VISTOS, relatados e discutidos estes autos do AGRAVO DE INSTRUMENTO Nº 0028425-52.2011.8.19.0000 , em que é

Apelante: C VALE COOPERATIVA AGROINDUSTRIAL e Apelado: BANCO BBM S.A., tendo sido interposto Agravo do art. 557 § 1º do CPC pelo Agravante (C VALE COOPERATIVA AGROINDUSTRIAL)

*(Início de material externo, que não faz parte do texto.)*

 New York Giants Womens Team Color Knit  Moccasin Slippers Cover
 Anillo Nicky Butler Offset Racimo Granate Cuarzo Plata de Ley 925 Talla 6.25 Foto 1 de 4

ACORDAM os Desembargadores desta 4ª Câmara Cível deste Tribunal de Justiça do Estado do Rio de Janeiro, POR UNANIMIDADE, em NEGAR PROVIMENTO ao Agravo do art. 557 § 1º do CPC.

Trata-se de agravo inominado interposto em face de decisão deste Relator que, com fulcro no art. 557, § 1º A, do CPC, NEGOU SEGUIMENTO AO RECURSO para manter a decisão que indeferiu a liminar requerida, objetivando o cancelamento do arresto de bens imóveis determinado nos autos da Ação de Execução em trâmite perante a 22ª vara Cível da Comarca do Rio, em que é exequente a agravada.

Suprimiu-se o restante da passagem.